Processing that happens before tokenising
This document's description of tokenising takes a sequence of characters as input.
rustc
obtains that sequence of characters as follows:
This description is taken from the Input format chapter of the Reference.
Source encoding
Each source file is interpreted as a sequence of Unicode characters encoded in UTF-8. It is an error if the file is not valid UTF-8.
Byte order mark removal
If the first character in the sequence is U+FEFF
(BYTE ORDER MARK), it is removed.
CRLF normalization
Each pair of characters U+000D
CR immediately followed by U+000A
LF is replaced by a single U+000A
LF.
Other occurrences of the character U+000D
CR are left in place (they are treated as whitespace).

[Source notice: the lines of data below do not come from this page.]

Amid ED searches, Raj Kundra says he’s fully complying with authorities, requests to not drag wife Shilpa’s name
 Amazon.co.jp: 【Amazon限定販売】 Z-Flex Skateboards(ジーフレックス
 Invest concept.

Note: this document's description of tokenisation doesn't assume that the sequence CRLF never appears in its input; that makes it more general than necessary, but should do no harm.

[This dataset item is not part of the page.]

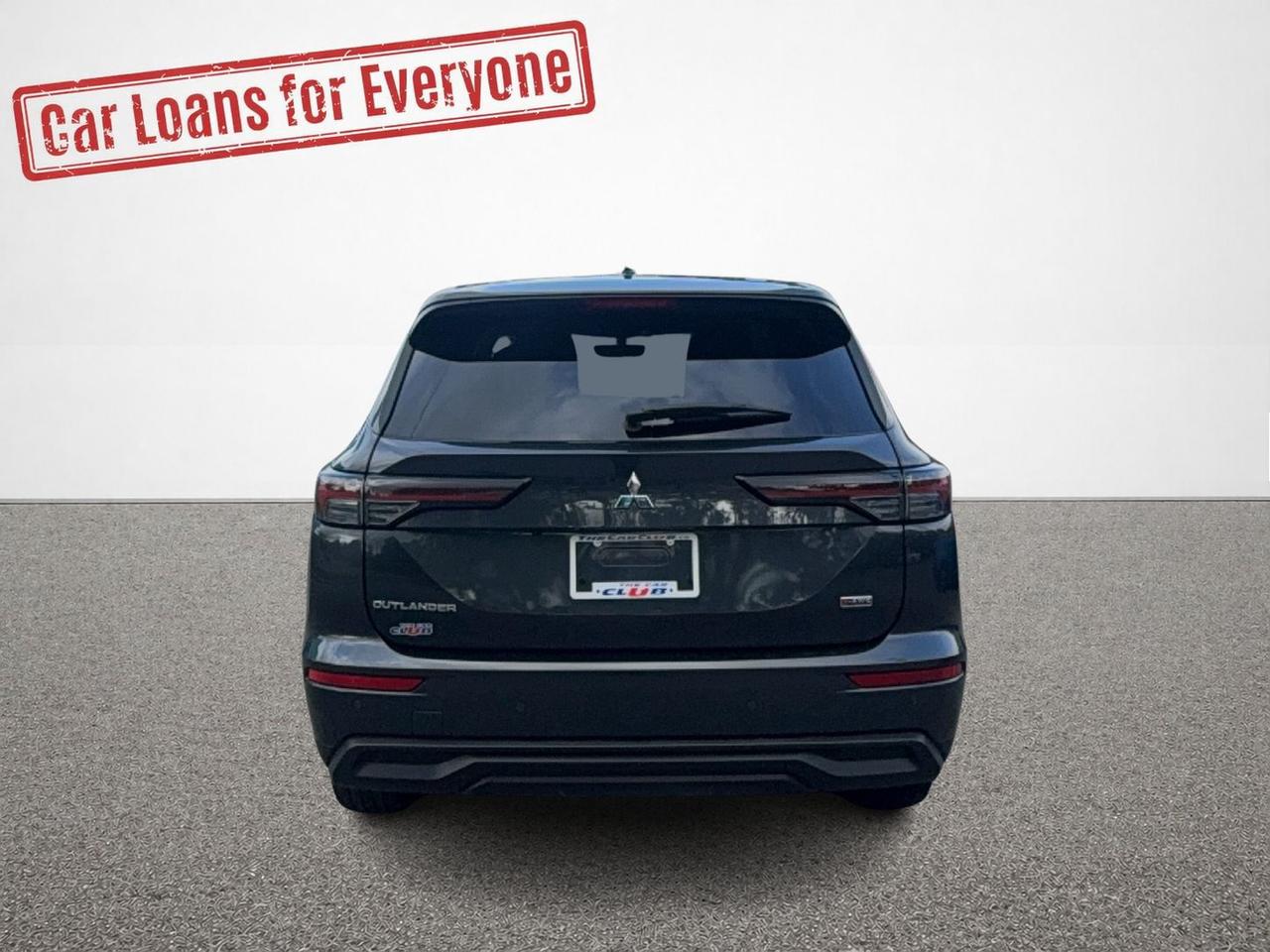 2025 Mitsubishi Outlander ES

In particular, in places where the Reference says that tokens may not contain "lone CR", this description just says that any CR is rejected.
Shebang removal
If the remaining sequence begins with the characters #!, the characters up to and including the first U+000A
LF are removed from the sequence.
For example, the first line of the following file would be ignored:
#!/usr/bin/env rustx
fn main() {
println!("Hello!");
}
As an exception, if the #! characters are followed (ignoring intervening comments or whitespace) by a [
punctuation token, nothing is removed.
This prevents an inner attribute at the start of a source file being removed.
See open question: How to model shebang removal